# [WHAT THE TASK REQUIRES]
Quote exactly the lines from the one with "Velké péro, Velké" to the end of the data, both included; omit the pictures.
•••••
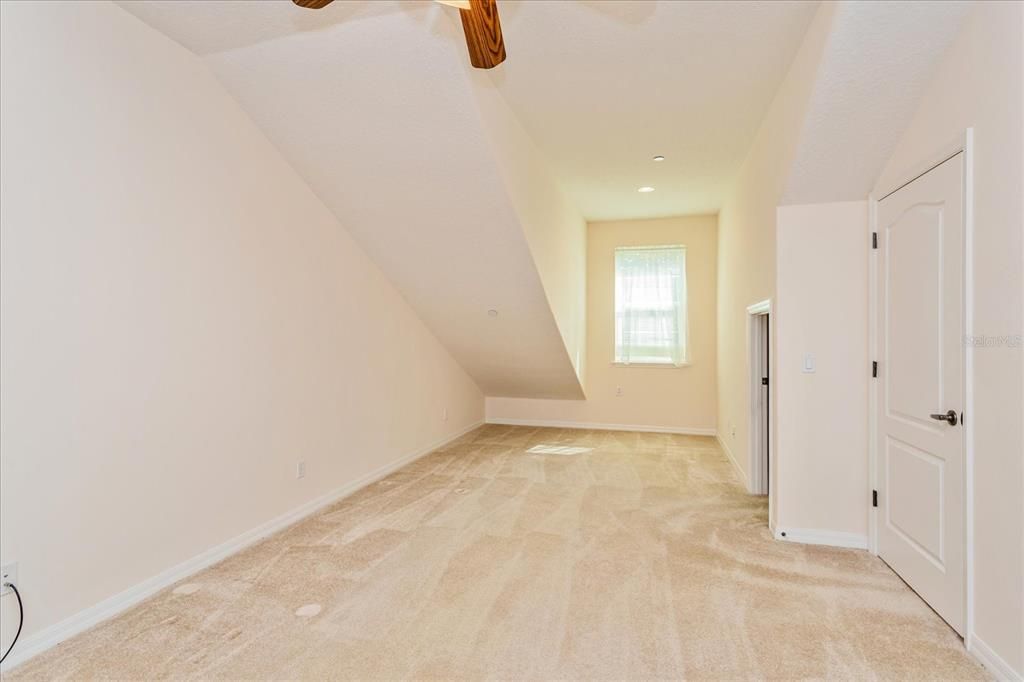 Large 3rd bedroom upstairs with Jack & Jill bathroom and walk-in closet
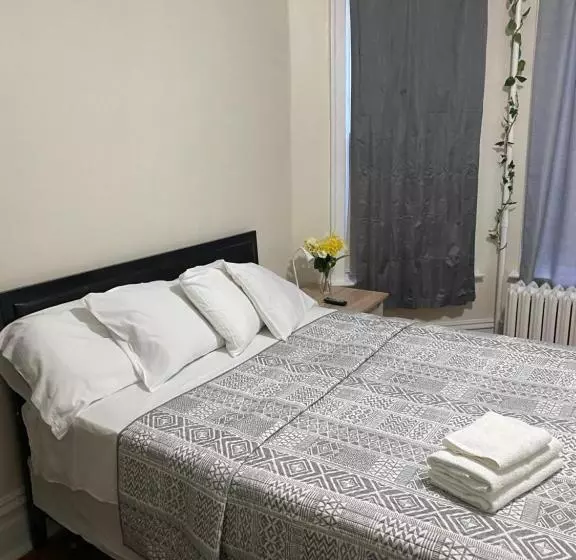 ペンション Hollywood Rentals Llc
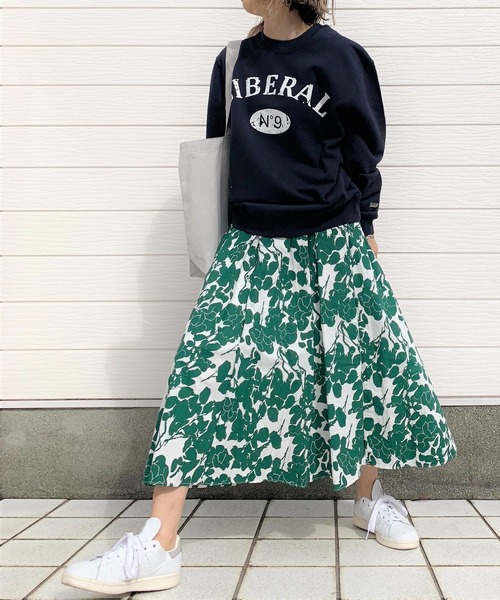 Q(キュー)の「カレッジロゴスウェット(スウェット・レディース・ネイビー/グリーン/アイボリー・MEDIUM)」の9枚目の写真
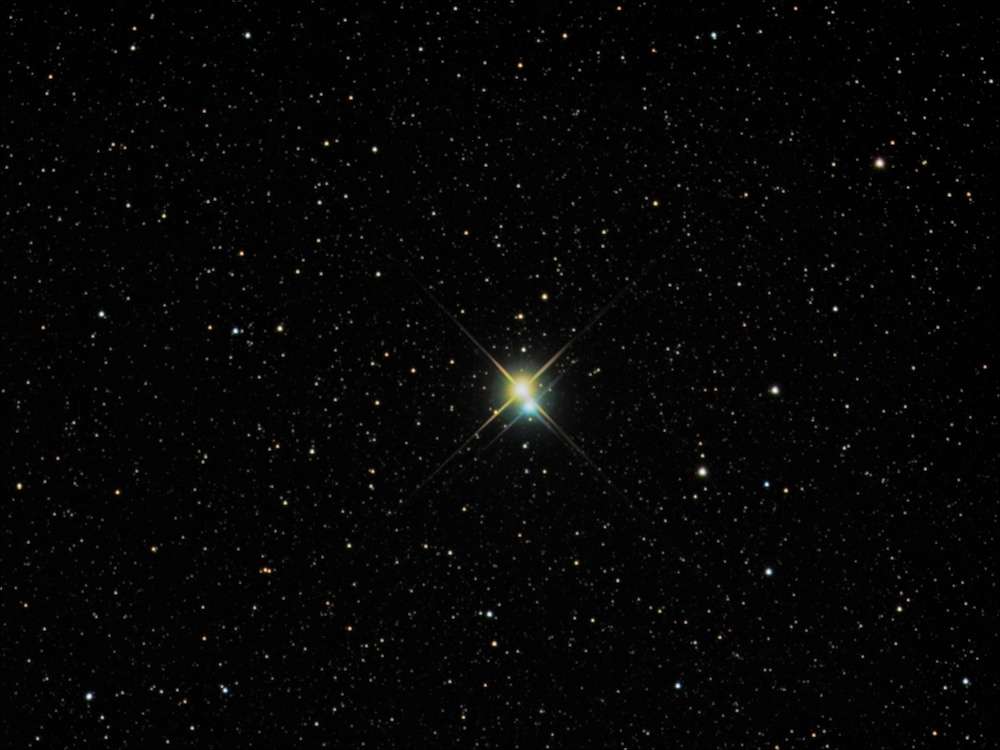 À 380 années-lumière de la Terre, l’étoile double Alibero, la tête du Cygne. Les deux étoiles de couleurs (donc de températures) différentes seraient séparées de 40 unités astronomiques (40 fois la distance entre la Terre et le Soleil) © Richard Yandrick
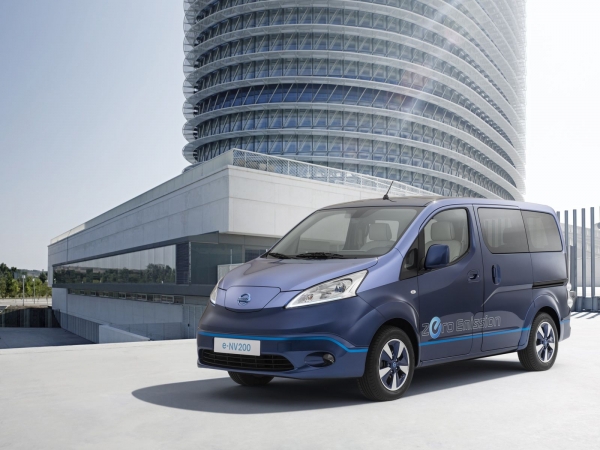 Nissan e-NV200 VIP Concept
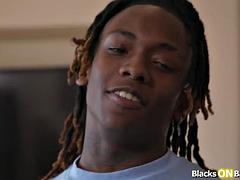 Velké péro, Velké kozy, Černé, Ebenové, Mezirasové, Milf žcbp, Nevlastní máma, Kozičky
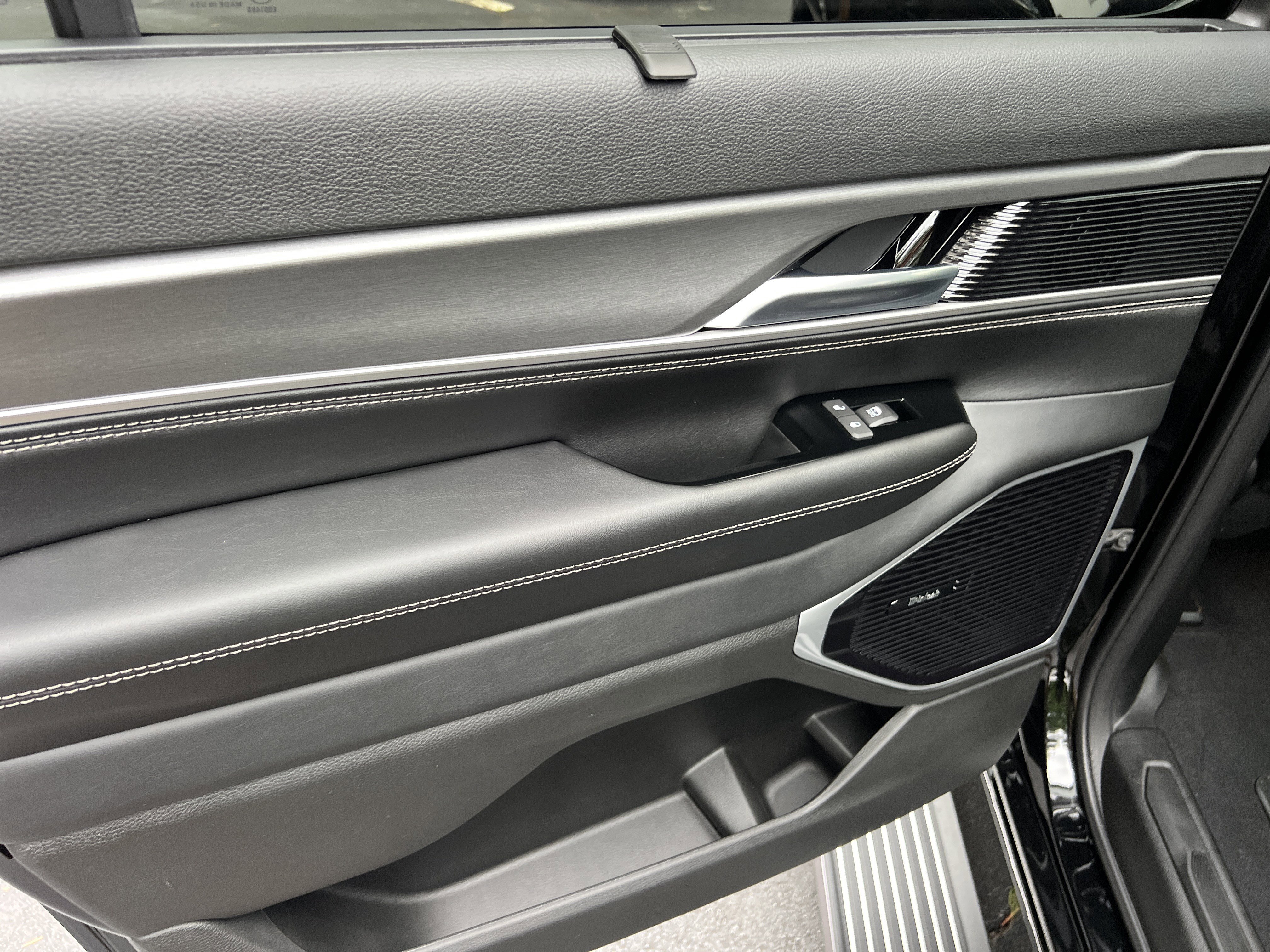 New 2026 Jeep Grand Wagoneer L Limited AWD/4WD image 19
•••••
# [REPLY]
 Velké péro, Velké kozy, Černé, Ebenové, Mezirasové, Milf žcbp, Nevlastní máma, Kozičky
 New 2026 Jeep Grand Wagoneer L Limited AWD/4WD image 19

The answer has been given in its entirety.